Die gerade erst gegründete Menschenrechtskommission der Vereinten Nationen wurde 1946 beauftragt, einen internationalen Menschenrechtskodex zu erarbeiten. Während noch zu Zeiten des Völkerbundes Menschenrechte vorwiegend als innerstaatliche Angelegenheit angesehen wurden, ging es nach den Erfahrungen des Zweiten Weltkriegs und unter dem Eindruck der Shoa um ein universelles Bekenntnis zu individuellen Menschenrechten. Im folgenden Jahr nahm ein formeller Redaktionsausschuss unter Leitung von Eleanor Roosevelt, US-amerikanische Menschenrechtsaktivistin und frühere First Lady, ihre Arbeit auf; knapp zwei Jahre feilten acht Frauen und Männer an dem Dokument – darunter der Kanadier John Humphrey, der Chilene Hernán Santa Cruz, der griechisch-orthodoxe Christ aus dem Libanon Charles Habib Malik, Peng Chun Chang, ein konfuzianischer Gelehrter aus China, und René Cassin, ein französischer Jude.

 

Ein großer Moment der Menschheitsgeschichte

Um die schon damals tiefen Gräben zwischen westlich-liberalen Staaten und autoritären Regimen, zwischen religiösen und säkularen Ländern zu überbrücken, versuchte man in der Kommission, allgemeine Prinzipien möglichst konkret zu formulieren. Das Ergebnis waren dreißig prägnant gefasste Artikel ohne rhetorischen Pomp. Sie waren das Ergebnis langer Sitzungen und hartnäckiger Verhandlungen.

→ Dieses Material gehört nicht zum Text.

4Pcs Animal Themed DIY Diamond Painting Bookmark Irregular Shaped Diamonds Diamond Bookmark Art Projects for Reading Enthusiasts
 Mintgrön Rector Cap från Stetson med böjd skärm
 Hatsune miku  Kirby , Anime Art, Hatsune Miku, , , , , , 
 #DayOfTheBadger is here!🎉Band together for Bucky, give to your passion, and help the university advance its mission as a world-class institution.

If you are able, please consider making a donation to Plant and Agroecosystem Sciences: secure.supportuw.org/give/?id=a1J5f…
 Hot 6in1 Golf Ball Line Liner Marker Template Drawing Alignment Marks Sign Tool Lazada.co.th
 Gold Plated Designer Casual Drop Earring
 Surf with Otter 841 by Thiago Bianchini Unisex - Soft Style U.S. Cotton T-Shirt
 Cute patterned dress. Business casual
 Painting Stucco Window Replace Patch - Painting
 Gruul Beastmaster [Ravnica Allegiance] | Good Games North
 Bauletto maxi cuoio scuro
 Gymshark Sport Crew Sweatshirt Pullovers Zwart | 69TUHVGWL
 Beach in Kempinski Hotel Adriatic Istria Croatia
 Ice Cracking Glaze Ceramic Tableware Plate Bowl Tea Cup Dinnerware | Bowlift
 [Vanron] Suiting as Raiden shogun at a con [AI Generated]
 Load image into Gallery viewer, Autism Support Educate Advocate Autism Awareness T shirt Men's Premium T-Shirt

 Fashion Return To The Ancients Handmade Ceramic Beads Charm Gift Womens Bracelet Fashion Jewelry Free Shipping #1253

Die politischen Konfliktlinien der Zeit bildeten sich natürlich auch in der Menschenrechtskommission ab. Die westlichen Staaten zielten auf politische und bürgerliche Freiheiten; dagegen beharrte die Sowjetunion auf wirtschaftlichen und sozialen Rechten. Gewiss verstanden autoritäre Staaten, welche Gefahr die Verkündung universeller Menschenrechte für ihre Regime bedeuten könnte. Um die Erklärung der Menschenrechte nicht zu gefährden, entschied man deshalb, auf Verbindlichkeit zu verzichten.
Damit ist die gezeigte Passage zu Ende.